The transducer handles the following major features of Innu morphology

Noun Possession

Possessed nouns in Innu receive a circumfix indicating the number and person of the possessor, and sometimes also a suffix -(i)m indicating possession. The transducer currently applies both pieces of morphology, but the appearance of the possession suffix is influenced by a number of factors including phonology, the gender of the noun, and whether or not the possession is alienable. For example, "my head" would be nustikuan in reference to one's own head and nustikuanim in reference to the detached head of an animal that the speaker owns. Ensuring that this suffix is conditioned correctly in the transducer will require further study of Innu texts or consultation with a speaker.

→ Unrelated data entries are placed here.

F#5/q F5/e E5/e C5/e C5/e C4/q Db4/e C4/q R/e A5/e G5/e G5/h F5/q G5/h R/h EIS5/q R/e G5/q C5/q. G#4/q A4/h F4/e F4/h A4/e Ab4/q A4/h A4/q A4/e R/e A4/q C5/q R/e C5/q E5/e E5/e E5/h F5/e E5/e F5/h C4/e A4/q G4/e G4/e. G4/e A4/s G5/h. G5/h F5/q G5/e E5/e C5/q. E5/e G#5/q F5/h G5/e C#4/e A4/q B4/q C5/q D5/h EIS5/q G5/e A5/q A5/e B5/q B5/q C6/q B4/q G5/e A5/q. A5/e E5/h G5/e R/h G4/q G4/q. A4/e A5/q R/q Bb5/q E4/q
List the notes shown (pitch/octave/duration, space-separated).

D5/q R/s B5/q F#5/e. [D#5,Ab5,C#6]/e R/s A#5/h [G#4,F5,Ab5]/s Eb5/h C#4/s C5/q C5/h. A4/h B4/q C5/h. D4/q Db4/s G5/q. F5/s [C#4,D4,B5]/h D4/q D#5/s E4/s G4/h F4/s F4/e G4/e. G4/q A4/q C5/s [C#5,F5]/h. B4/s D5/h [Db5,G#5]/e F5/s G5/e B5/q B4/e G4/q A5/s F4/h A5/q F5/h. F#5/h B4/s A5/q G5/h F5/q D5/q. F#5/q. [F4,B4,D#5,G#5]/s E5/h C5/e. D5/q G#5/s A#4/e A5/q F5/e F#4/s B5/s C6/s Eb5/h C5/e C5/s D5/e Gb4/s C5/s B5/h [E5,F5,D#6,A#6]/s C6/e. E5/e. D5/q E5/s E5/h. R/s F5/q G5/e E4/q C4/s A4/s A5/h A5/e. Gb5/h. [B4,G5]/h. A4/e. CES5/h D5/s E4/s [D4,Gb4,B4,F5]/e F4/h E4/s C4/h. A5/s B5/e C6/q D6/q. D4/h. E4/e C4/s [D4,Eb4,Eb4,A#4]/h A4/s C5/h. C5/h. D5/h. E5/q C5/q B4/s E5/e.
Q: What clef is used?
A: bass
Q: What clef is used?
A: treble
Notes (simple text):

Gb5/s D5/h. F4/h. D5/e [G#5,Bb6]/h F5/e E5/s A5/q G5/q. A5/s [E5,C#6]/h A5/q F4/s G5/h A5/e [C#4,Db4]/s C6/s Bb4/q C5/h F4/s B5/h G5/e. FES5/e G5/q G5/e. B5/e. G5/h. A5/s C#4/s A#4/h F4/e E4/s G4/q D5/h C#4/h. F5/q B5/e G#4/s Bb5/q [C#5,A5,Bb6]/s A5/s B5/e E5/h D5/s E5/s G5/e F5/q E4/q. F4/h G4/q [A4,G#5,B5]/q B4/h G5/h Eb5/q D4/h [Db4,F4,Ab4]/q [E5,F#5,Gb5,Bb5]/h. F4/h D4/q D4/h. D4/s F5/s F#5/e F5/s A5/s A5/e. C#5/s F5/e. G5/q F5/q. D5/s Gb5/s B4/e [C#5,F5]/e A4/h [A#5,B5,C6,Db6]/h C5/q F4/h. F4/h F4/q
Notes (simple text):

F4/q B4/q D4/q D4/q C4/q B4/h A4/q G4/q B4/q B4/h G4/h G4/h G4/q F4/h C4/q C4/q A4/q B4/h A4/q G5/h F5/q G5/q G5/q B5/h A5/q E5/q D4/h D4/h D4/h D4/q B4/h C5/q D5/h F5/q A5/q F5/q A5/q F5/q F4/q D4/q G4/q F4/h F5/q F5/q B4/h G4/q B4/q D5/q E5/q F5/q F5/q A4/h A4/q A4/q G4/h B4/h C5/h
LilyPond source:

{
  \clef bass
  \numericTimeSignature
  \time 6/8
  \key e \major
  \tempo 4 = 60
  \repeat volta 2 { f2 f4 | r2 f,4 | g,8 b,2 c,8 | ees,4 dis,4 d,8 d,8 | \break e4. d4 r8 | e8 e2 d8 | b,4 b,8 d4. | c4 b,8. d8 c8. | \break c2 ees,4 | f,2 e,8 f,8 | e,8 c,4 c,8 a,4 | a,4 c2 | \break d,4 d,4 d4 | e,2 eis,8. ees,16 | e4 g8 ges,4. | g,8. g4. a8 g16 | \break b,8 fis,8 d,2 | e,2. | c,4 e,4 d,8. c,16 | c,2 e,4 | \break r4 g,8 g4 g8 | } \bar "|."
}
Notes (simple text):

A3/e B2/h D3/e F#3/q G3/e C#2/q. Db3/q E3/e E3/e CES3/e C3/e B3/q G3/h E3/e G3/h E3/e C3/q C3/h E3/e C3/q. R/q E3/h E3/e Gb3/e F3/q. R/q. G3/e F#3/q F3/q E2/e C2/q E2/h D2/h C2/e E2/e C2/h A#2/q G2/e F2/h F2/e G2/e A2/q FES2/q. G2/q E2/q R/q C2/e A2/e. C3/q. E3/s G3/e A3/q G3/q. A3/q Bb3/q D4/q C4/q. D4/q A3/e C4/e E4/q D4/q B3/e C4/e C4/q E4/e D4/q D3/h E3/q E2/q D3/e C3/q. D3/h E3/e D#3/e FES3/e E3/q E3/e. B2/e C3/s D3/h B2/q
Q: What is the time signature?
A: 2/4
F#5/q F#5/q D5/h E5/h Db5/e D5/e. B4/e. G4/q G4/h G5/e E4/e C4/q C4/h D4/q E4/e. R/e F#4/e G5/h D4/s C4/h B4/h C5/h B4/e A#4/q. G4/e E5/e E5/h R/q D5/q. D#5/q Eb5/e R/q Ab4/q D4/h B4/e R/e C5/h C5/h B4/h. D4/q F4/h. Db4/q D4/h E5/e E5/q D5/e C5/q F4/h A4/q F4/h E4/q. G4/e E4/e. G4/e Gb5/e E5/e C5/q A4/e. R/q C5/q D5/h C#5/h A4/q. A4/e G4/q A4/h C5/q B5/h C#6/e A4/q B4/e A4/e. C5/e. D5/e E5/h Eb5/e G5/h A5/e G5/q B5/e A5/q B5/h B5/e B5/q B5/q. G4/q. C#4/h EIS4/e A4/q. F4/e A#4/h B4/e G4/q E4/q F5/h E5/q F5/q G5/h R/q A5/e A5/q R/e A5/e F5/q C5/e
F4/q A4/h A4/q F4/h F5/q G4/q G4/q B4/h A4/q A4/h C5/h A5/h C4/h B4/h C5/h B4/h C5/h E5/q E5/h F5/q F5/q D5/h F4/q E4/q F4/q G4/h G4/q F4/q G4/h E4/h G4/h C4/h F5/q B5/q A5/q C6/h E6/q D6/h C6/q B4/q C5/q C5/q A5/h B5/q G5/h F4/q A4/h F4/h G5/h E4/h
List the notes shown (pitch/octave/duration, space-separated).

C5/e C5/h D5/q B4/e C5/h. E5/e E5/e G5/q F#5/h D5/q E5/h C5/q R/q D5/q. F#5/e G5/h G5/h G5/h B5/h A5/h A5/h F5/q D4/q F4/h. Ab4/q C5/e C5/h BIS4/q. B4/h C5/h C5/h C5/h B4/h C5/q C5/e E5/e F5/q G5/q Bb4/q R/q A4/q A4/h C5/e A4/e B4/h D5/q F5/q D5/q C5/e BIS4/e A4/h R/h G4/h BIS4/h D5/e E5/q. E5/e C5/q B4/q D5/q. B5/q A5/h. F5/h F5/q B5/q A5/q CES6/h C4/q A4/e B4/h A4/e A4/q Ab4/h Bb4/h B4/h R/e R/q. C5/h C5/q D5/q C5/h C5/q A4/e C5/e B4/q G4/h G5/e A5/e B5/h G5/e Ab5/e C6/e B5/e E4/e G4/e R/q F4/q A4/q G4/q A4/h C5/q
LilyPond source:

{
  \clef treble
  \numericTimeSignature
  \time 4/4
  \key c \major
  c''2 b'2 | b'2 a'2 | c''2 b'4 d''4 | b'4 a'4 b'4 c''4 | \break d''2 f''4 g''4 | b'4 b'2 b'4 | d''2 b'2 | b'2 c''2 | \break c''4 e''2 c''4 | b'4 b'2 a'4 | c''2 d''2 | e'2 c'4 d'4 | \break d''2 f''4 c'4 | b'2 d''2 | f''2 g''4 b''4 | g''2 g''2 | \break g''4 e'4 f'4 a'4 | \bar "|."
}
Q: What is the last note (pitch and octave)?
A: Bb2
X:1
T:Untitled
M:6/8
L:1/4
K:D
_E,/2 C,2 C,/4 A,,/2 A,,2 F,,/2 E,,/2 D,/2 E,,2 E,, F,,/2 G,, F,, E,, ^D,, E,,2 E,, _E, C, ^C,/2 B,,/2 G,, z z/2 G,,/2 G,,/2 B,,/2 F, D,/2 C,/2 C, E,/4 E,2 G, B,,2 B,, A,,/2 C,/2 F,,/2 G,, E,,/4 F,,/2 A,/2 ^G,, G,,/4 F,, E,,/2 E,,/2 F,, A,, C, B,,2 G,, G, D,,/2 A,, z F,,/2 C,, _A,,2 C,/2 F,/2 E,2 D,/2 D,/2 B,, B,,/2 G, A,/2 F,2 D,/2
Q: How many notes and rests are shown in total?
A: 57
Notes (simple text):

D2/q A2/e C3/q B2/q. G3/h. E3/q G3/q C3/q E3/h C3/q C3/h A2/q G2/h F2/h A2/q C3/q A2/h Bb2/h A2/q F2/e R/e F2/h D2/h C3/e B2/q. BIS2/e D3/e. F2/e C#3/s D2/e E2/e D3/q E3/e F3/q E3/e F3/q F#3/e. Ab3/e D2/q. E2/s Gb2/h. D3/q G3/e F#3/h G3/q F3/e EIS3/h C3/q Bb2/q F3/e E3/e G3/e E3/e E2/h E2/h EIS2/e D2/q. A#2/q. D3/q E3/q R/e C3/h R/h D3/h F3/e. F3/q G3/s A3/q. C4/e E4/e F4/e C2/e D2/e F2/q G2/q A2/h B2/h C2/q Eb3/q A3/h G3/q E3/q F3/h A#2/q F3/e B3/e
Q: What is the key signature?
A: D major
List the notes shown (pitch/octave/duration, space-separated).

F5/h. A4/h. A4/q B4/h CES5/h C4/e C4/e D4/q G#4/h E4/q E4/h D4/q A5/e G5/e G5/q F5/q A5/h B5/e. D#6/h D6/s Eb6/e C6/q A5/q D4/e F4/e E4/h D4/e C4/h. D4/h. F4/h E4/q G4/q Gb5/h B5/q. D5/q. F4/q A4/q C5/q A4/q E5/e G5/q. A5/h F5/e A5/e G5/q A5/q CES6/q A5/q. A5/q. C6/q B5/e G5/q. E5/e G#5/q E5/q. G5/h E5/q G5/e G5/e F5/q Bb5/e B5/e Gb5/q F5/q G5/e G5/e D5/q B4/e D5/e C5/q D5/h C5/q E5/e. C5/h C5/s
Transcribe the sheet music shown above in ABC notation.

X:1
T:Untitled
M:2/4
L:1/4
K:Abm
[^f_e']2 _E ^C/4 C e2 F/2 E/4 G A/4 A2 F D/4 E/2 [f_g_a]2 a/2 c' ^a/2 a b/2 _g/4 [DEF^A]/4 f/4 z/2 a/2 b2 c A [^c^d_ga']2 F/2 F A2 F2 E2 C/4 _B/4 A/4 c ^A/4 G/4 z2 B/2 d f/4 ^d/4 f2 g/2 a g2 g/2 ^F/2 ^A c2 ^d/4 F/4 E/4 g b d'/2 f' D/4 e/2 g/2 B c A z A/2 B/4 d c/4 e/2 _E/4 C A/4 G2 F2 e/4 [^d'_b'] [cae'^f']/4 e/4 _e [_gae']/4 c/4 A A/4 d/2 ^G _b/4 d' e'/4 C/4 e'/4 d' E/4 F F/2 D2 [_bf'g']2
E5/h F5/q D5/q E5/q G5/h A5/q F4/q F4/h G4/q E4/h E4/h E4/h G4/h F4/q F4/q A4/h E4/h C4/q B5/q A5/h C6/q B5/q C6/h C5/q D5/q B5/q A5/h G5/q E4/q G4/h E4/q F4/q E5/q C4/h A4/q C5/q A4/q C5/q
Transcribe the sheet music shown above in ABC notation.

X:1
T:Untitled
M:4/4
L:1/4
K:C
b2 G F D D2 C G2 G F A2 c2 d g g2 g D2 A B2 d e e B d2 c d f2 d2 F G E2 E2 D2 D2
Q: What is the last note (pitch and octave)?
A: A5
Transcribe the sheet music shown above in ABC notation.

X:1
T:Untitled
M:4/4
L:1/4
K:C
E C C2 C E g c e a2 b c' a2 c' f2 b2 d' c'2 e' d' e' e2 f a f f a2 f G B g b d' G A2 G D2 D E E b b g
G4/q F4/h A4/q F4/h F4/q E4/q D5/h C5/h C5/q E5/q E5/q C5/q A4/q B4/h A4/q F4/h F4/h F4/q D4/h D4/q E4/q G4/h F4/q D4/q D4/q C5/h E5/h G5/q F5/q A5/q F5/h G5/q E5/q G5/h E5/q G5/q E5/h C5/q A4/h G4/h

Verb Subject and Object Agreement

Innu transitive verbs are inflected for both subject and object. The "subject" of the verb is marked as whichever participant is higher in the hierarchy of person: 2>1>3>3(obv). If the subject of the action is lower in the hierarchy, then the verb is placed in an "inverted" form with a different suffix and sometimes a stem change. For example, using the verb petu (hear):

  • tshipetun ("You hear me") is marked with the second person prefix and first person suffix.
  • tshipetatin ("I hear you") is still marked with the second person prefix, but a different first person suffix indicating the the first person is the subject.

Evaluation

Coverage was tested over a preliminary corpus (8476 characters without spaces) composed of 4 myths taken from the Innu-Aimun website. The corpus is available in a repository on Swarthmore's github, which is private due to copyright.

Current corpus coverage is 54.58% (although approximately 22% of analyzed tokens are punctuation).

Next Steps

Double Obviation

Suffixes for obviation may change when an obviative noun is possessed by another obviative noun. Currently, this is implemented in the transducer, but messily, with some overgeneration of forms for possessed obviative nouns. It should be updated with greater understanding of the morphological processes involved.

More Verb Paradigms

While all major verb paradigms have been implemented in the present indicative, other tenses and moods have yet to be implemented. The future tense in particular has the issue that morphemes generally analyzed as verb prefixes are instead written as a separate word, meaning some reformatting of the other verb paradigms may be required to accommodate this.

Disambiguation

There are several ambiguous stems in the transducer - for example, many Innu adverbs are also interjections or conjunctions with different meanings. Variable word order means that precise disambiguation rules are difficult to come up with.

Noun and Verb Formation

As a polysynthetic language, Innu has several productive derivational processes. Currently, these are handled with different stems in the transducer, but future versions of the transducer could perhaps handle them automatically.

Dialectical Variation

Innu has several different dialects. The transducer functions in a modern, standardized orthography but could be modified to analyze text written in variant orthographies as well.